Several studies have been carried out to investigate the correlation between the spectral shape features of the beam attenuation coefficient and the particulate matter characteristics in seawater, but little attention has been paid to the spectral resolution of these measurements. For this reason, the potential of the new hyperspectral transmissometer VIPER (TriOS GmbH), with 1.7 nm spectral resolution, has been evaluated in this study and compared with lower resolution and multispectral based approaches (e.g. ac-9 or ac-s-with 4 nm resolution - from WETLabs Inc.) in order to evaluate whether any additional information about water composition can be retrieved from a spectral shape-based assessment. In this way, this study proposes a statistical-based method - a Hierarchical Cluster Analysis (HCA) using the cosine distance as similarity value - which allows discriminating suspended sediment samples with different particle size distribution (PSD) based on the attenuation spectral shape features.

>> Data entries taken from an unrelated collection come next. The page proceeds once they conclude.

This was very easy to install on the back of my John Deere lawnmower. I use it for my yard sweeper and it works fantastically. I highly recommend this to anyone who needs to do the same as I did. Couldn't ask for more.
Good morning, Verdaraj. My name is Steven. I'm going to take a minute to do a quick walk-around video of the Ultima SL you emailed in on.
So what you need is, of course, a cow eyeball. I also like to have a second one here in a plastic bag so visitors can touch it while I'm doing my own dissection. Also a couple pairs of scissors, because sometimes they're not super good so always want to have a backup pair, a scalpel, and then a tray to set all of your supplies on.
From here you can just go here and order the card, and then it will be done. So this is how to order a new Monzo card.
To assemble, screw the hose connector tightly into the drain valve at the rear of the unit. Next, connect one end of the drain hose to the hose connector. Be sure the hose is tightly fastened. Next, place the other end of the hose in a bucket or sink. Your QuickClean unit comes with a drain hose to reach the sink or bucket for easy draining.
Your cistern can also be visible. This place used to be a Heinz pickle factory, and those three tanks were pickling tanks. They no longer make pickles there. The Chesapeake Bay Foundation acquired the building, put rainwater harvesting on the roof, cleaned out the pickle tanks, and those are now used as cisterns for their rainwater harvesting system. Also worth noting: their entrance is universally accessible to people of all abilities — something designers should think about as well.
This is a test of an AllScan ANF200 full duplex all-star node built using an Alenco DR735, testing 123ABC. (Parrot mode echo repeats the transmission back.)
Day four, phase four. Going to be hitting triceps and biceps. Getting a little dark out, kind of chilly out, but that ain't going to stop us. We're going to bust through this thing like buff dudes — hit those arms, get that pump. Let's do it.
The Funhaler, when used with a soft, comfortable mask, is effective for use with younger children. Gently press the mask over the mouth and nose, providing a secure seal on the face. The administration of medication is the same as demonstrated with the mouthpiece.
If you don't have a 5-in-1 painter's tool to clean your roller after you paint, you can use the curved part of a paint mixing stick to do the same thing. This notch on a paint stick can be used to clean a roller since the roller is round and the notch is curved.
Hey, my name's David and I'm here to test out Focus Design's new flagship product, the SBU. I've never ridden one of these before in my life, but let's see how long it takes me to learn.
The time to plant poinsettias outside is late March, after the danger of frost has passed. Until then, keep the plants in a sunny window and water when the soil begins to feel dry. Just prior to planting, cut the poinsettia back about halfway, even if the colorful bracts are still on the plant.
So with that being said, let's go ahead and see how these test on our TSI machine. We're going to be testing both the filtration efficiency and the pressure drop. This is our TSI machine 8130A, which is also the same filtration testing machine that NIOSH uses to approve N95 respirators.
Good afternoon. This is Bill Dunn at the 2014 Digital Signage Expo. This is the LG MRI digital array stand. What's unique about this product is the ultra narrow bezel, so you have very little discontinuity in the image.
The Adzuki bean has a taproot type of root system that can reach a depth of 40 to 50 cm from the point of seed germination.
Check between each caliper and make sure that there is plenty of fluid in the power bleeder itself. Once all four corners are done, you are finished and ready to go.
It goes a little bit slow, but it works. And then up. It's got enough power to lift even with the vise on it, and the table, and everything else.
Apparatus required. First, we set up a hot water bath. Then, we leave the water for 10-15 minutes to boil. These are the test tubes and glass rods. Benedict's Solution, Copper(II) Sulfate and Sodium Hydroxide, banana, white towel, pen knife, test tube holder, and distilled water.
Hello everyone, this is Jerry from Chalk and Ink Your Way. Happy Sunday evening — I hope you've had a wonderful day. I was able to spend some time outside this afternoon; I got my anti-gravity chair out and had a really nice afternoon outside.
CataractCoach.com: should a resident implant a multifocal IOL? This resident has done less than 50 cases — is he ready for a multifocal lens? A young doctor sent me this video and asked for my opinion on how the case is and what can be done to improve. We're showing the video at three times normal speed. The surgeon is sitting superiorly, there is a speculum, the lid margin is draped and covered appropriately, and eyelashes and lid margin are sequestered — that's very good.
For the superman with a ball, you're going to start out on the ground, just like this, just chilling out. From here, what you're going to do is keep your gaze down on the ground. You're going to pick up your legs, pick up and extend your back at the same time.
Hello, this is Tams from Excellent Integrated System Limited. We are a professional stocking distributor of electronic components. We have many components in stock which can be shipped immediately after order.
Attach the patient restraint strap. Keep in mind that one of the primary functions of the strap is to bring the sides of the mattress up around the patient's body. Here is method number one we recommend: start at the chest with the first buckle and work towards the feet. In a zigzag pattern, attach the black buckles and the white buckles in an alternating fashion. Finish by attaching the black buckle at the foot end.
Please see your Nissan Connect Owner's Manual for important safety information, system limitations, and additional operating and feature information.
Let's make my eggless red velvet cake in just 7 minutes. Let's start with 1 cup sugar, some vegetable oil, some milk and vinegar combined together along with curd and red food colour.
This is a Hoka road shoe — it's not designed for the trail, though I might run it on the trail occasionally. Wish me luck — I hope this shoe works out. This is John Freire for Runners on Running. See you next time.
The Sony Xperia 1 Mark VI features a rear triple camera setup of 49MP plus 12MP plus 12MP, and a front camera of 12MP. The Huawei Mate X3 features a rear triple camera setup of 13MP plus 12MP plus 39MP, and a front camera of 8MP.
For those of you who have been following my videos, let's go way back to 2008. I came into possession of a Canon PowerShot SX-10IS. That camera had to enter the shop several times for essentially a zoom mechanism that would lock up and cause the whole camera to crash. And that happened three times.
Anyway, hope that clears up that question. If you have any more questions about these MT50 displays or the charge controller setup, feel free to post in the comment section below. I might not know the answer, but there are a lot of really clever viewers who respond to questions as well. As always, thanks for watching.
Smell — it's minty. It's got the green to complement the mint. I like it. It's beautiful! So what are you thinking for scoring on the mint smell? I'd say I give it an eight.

Finally, the effects of both particle size and concentration on the spectral shape have been analyzed separately. The results confirmed that the beam attenuation spectral features are in first-order driven by particle concentration, which means that a prior knowledge of particulate matter concentration is required in order to classify sediment samples according to their particle size. This approach based on hyperspectral attenuation measurements to characterize the PSD has been demonstrated a potential alternative compared to the traditional methods such as Coulter Counter or the particle size analyzer LISST 100X, which are much more expensive and time-consuming approaches.